Upsides: By far, the largest benefit to this is how incredibly simple and not even remotely time-consuming it is. Adding links and ads to your own site takes seconds, promoting books and music you genuinely like is effortless, and asking people who already shop on the sites you have joined to use your link is easy even for those of us who hate promotion.
Downsides: Like survey sites, these programs aren't likely to completely replace your need for a steady paycheque. While some have been hugely successful, most will only make, at best, a couple hundred a month.
- Self-Employment. The most serious of all work-from-home ventures, self-employment goes beyond selling another company's products, giving someone else your opinion, or advertising someone else's services. Self-employment means selling your own product or service, and being in charge of your own promotion. While this is certainly the most difficult work from home opportunity, it's also undoubtedly the most rewarding. Not only can you work whenever and wherever you want, you can set your own prices, your own schedule, and your own principles.
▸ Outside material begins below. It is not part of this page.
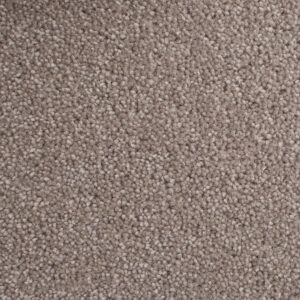 Hampstead Carpet-Italian Stone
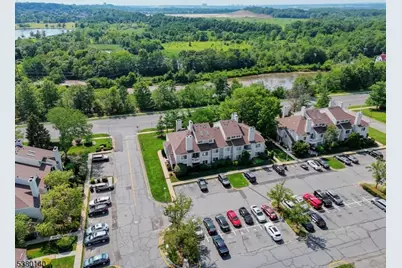 90 Farnham Sq #290, Sayreville Boro, NJ 08859 - Photo 24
Best of all, you can do what you love, and make a living doing it.
Upsides: Self-employment gives you almost total freedom and control over your career, and allows you to do what you love. Like knitting? You can start a business. Skilled wordsmith? You can start a business. Talented jewelry maker, painter, potter, seamstress/tailor? You can start a business. Anyone with a distinct skill can become an entrepreneur, and succeed.
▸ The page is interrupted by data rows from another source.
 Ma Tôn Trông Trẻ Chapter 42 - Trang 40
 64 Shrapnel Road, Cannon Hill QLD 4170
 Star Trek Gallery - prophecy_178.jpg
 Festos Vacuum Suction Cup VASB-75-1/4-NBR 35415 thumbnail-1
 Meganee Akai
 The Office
Downsides: Without the back-up of an established company, promoting oneself becomes a lot more difficult. Those who truly hope to succeed must be willing to devote a lot of time to researching marketing techniques, social media, promotion, as well as the wants, needs, and budget of their target group. A small start-up fee should also be anticipated: materials, business licenses, website creation, business cards, and promotional material will all need consideration.
Pro-tip: Do what you love, but research your audience. Don't try selling beef to cows just because you love beef.
Learn How To Brand Yourself
If you're anything like me, the words "brand yourself" make you want to delete your website and cry in a corner, but, sad as it may be, creating a recognizable logo or writing a clever tagline is vital in succeeding as an independent entrepreneur. If you opt to sign on with a direct sales company, survey sites, or ad programs, a lot of that will be taken care of for you, but for those who decide to open their own business or do a lot of self-promotion, branding will become very important.
Thankfully, branding in this day and age does not have to be a morally repugnant venture. Simply knowing what colours and shapes most appeal to the masses can be the difference between success and failure. Beyond that, branding often just means knowing your audience, and wording your presentation wisely. The below links offer plenty of sensible, reasonable, and respectable advice:
Personal Branding 101
10 Colors That Increase Sales
5 Things Product Packaging Must Do
8 Self-Promotion Tips For Shy People
7 Ways to Self-Promote Without Selling Out
Share Your Work From Home Experience!
What WFH Ventures Have You Tried?
Know What to Expect
Whatever work from home venture you choose to join in on, it is important that you know what to expect. Some, like direct sales and self-employment, can turn into full time jobs that generate enough income to fully support yourself; others, like survey sites and ad programs, can generously supplement your income but not replace it. Researching your options, and self-evaluation if of utmost importance. Whatever it is you decide to do, know that with the right information, audience, and approach, you can make a living from home.